▸ What to produce: Your task is to write out every line of the data exactly. Drop the pictures.

==========

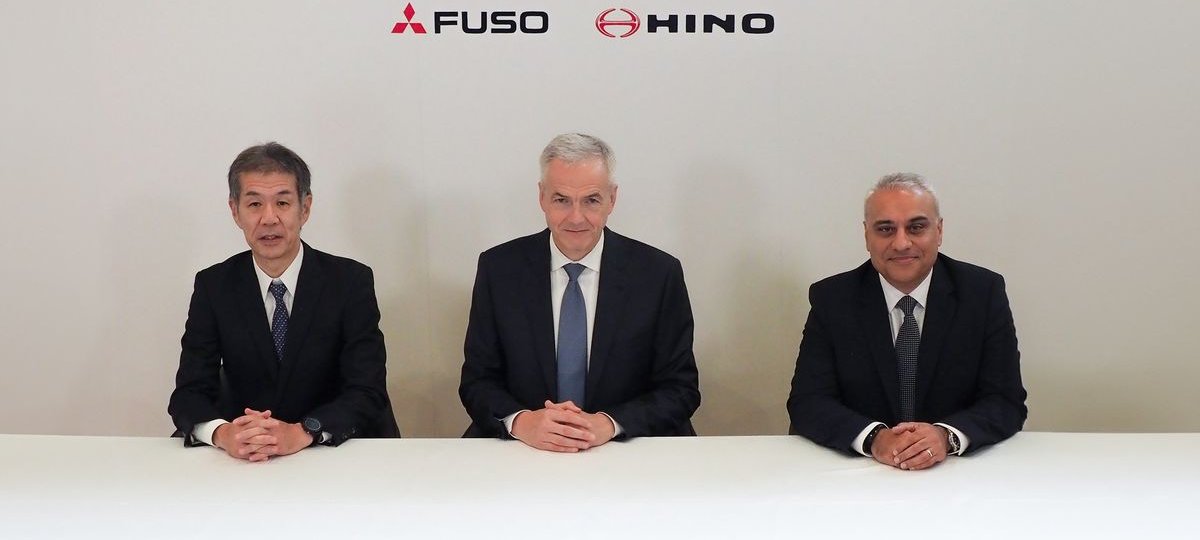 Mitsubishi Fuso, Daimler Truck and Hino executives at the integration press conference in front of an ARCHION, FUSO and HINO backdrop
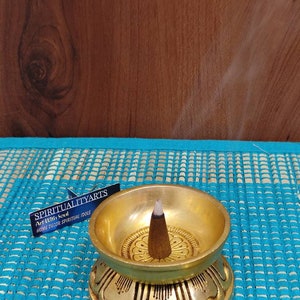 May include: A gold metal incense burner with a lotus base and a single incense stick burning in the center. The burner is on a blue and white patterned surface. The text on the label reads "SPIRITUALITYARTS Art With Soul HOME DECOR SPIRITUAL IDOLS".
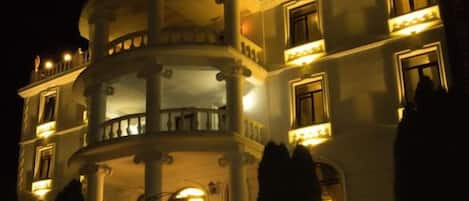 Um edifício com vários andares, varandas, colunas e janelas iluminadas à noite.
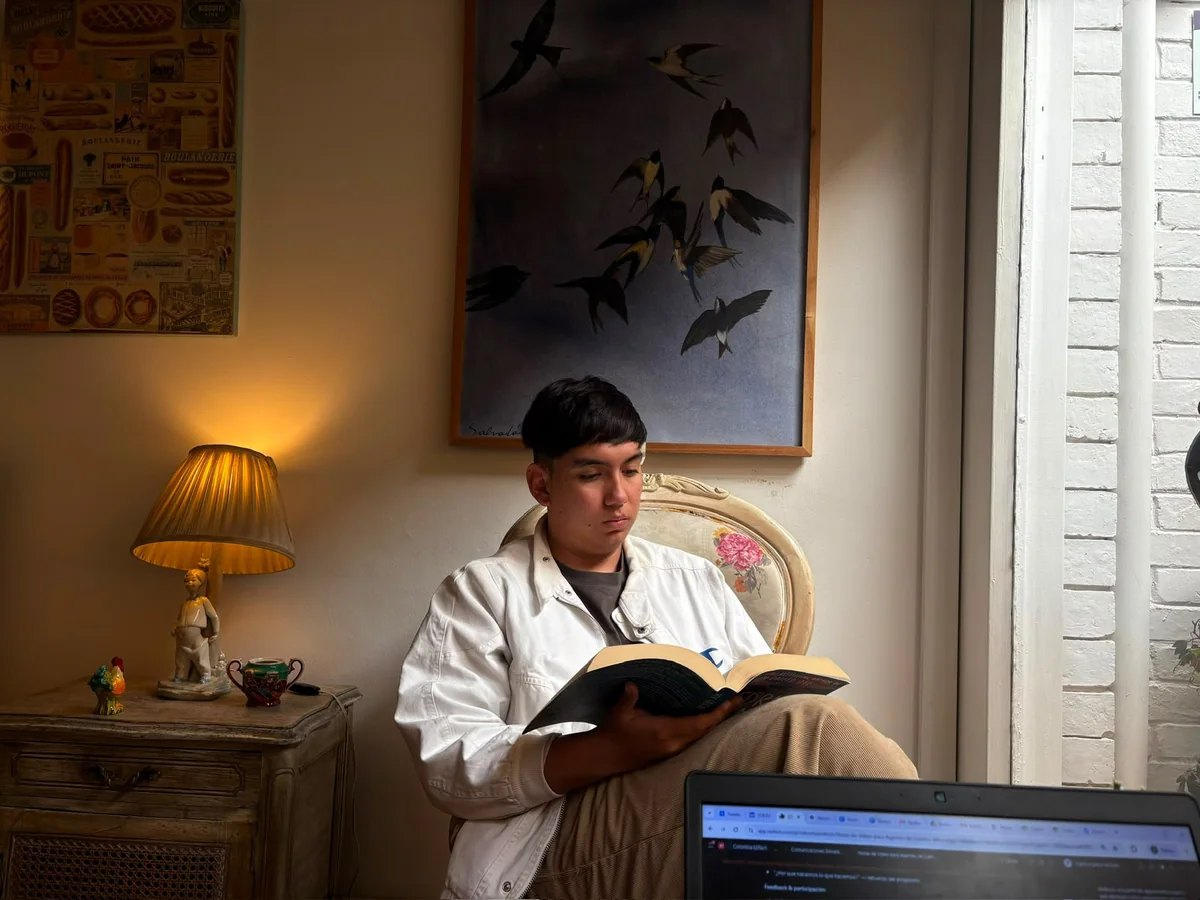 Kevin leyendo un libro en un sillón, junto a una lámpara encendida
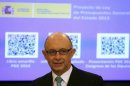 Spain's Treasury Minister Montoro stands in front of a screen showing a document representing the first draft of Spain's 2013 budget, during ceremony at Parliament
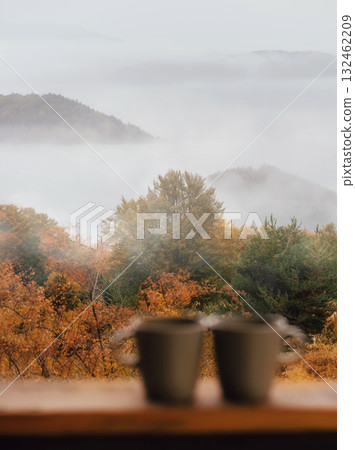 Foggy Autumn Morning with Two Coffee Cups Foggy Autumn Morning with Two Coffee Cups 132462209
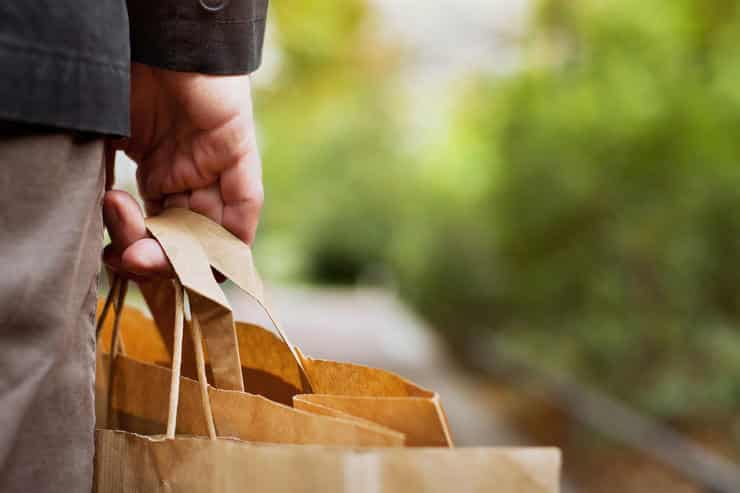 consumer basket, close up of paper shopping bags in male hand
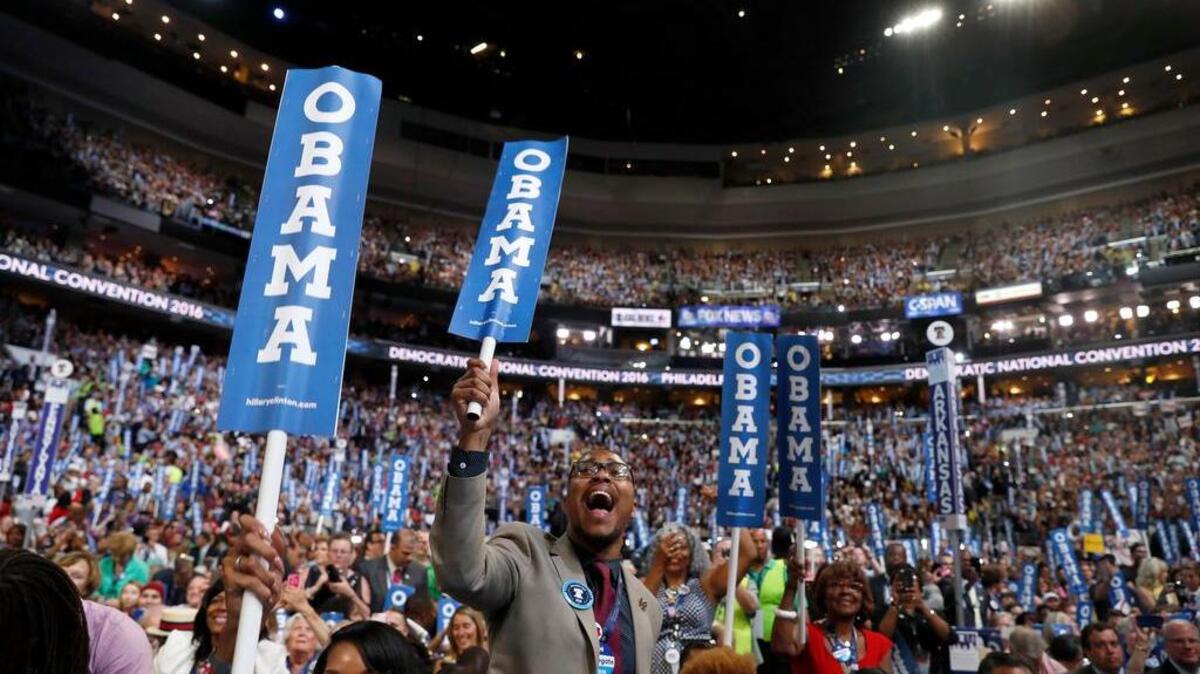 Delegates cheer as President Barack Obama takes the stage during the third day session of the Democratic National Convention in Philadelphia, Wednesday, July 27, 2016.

==========

▸ Expected answer:
 Mitsubishi Fuso, Daimler Truck and Hino executives at the integration press conference in front of an ARCHION, FUSO and HINO backdrop
 May include: A gold metal incense burner with a lotus base and a single incense stick burning in the center. The burner is on a blue and white patterned surface. The text on the label reads "SPIRITUALITYARTS Art With Soul HOME DECOR SPIRITUAL IDOLS".
 Um edifício com vários andares, varandas, colunas e janelas iluminadas à noite.
 Kevin leyendo un libro en un sillón, junto a una lámpara encendida
 Spain's Treasury Minister Montoro stands in front of a screen showing a document representing the first draft of Spain's 2013 budget, during ceremony at Parliament
 Foggy Autumn Morning with Two Coffee Cups Foggy Autumn Morning with Two Coffee Cups 132462209
 consumer basket, close up of paper shopping bags in male hand
 Delegates cheer as President Barack Obama takes the stage during the third day session of the Democratic National Convention in Philadelphia, Wednesday, July 27, 2016.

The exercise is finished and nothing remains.